Whoever Robin was: girl, boy.
Daddy said, just this side of annoyed: “Might be I’m making a mental note, Ben. Your Daddy has a mind like a steel trap. Filing facts, that will one day come in handy.”
Mental note? I was curious about this. Asked Daddy what was a mental note but Daddy was casting a sidelong look over at Zoe Kruller who was casting a sidelong smile at him past a customer’s frizz-permed head.
“Daddy? What’s a ‘mental note’—”
“You tell her, Zoe.” Affably Daddy raised his voice, to draw Zoe into the conversation. A few feet away Zoe was preparing sundaes for a family of fretting young children. “What’s a ‘mental note.’”
This presumed that Zoe had been listening to us from a distance of ten, twelve feet. That, since Eddy Diehl had first entered Honeystone’s, Zoe Kruller had been keenly aware of him and his two young children who took after the mother’s side of the family, it seemed—A gosh-darn pity since Eddy Diehl is the good-looking one and not chubby moon-faced Lucy Bauer.
Zoe tilted her head to indicate that she was thinking hard.
“‘Mental note’ is—a memory. You make a special memory inside your head, to remind yourself of something at a later date. ‘Mental note’ is for the future, to refer back to now.”
Zoe spoke in a low mysterious throaty murmur. I had no idea what she and my father were talking about but any succession of words Zoe Kruller spoke no matter how ordinary or banal were freighted with significance like words blazoned on a billboard or in a bright-lit TV commercial.

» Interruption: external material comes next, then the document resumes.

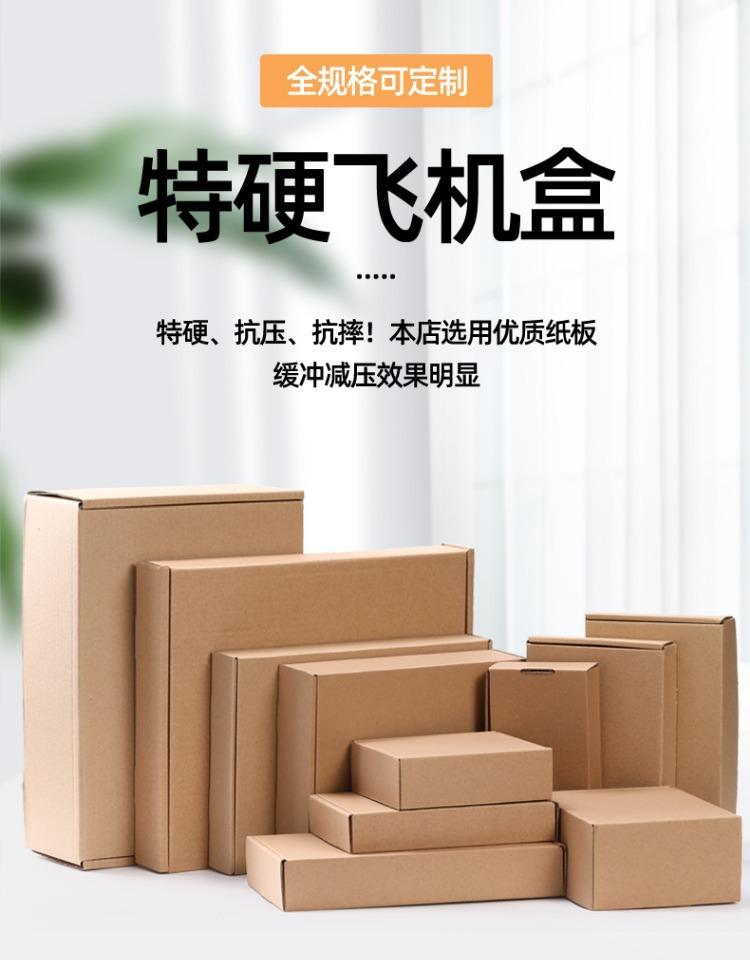 详情-03.jpg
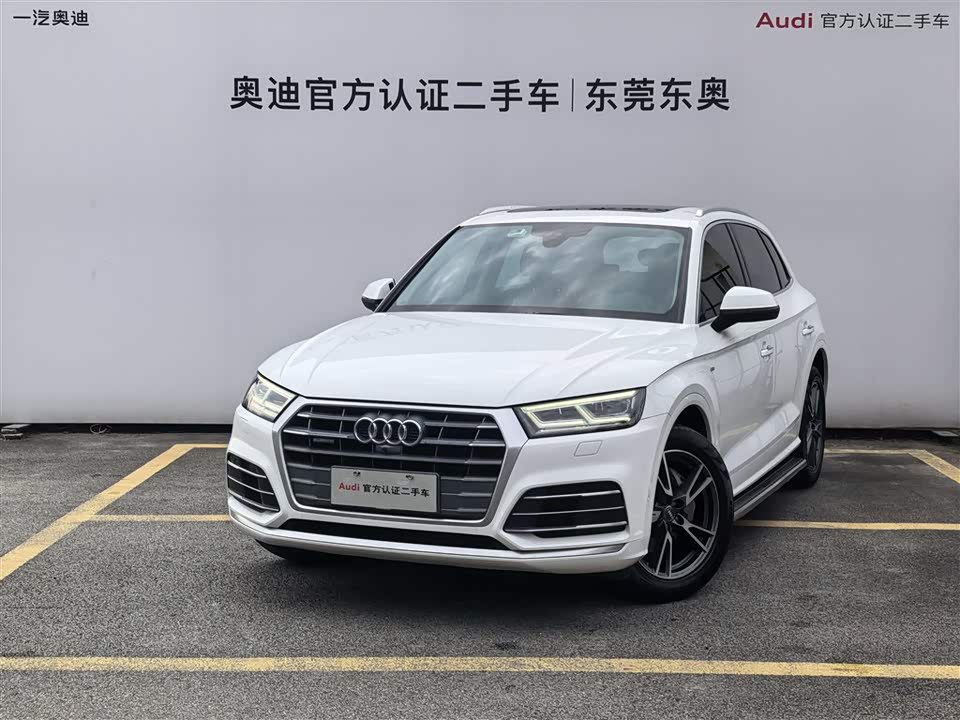 Audi Q5L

Eddy Diehl wore work caps, baseball caps. Always outdoors and often indoors. He’d removed his cap—grungy dark-blue with bronze letters SPARTA CONSTRUCTION, he’d worn for years—to swipe at his hair but he’d quickly replaced it tugging the rim low over his forehead. There was something shy about him, or anyway self-conscious: here was a man who knows he is looked-at by both women and men, and wants to be looked-at, yet on his own terms exclusively.
At work—at Sparta Construction, Inc.—Daddy wore white shirts: short-sleeved in summer, long-sleeved in winter. These shirts my mother ironed, for Daddy insisted upon white cotton shirts, not wash-and-wear. Daddy wore neatly pressed trousers on the job, sport coats or jackets in cold weather, never an overcoat. You would never see a carpenter—any man who works with his hands—wearing an overcoat on the job. Summers, away from work Daddy wore T-shirts and khaki pants likely to be rumpled and stained, running shoes on his size-twelve feet.
It never ceased to amaze me, Daddy was so big. Daddy loomed above me, a tall muscled man with broad shoulders, long arms and powerful wrists. In spite of his bad knee (as my mother called it, though not in Daddy’s presence) Daddy walked without wincing, or at least visibly wincing; never did he wish to allude to his bad knee, his injury; he flushed with indignation if anyone—usually female relatives of my mother’s—questioned him too pointedly about his health. (So too my father coolly disdained questions from relatives both male and female about how the construction business was going, smiling and shrugging Can’t complain. Holding our own. You?)